* _Required work_:
Would you retype the listing below word for word, without any of its pictures?
[[ Given data open ]]
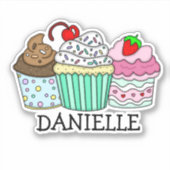 Cupcakes personnalisées et Sticker de nom (Devant)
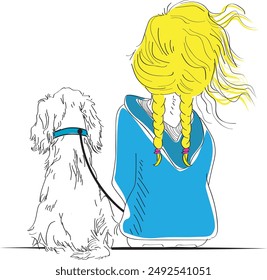 girl with her dog drawing with color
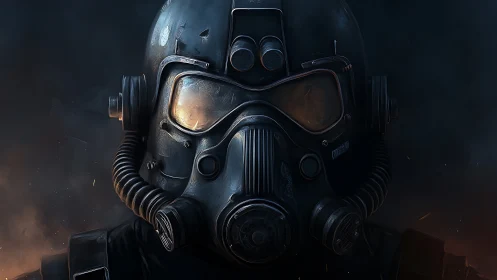 Steel-clad wasteland sentinel in glowing respirator visor.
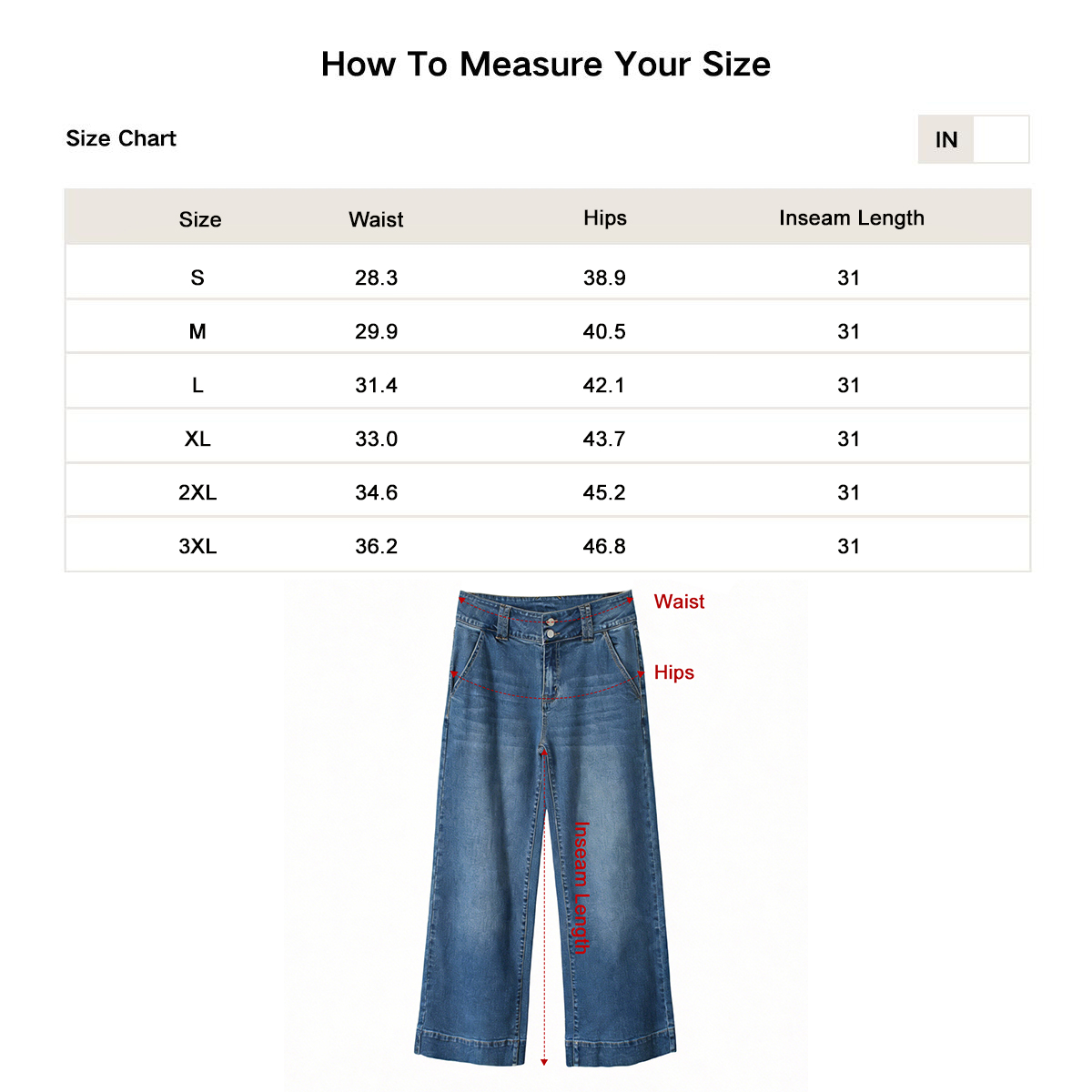 Pwest High Rise Double Button Wide Leg Jeans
[[ Given data closed ]]
* _Your solution_:
 Cupcakes personnalisées et Sticker de nom (Devant)
 girl with her dog drawing with color
 Steel-clad wasteland sentinel in glowing respirator visor.
 Pwest High Rise Double Button Wide Leg Jeans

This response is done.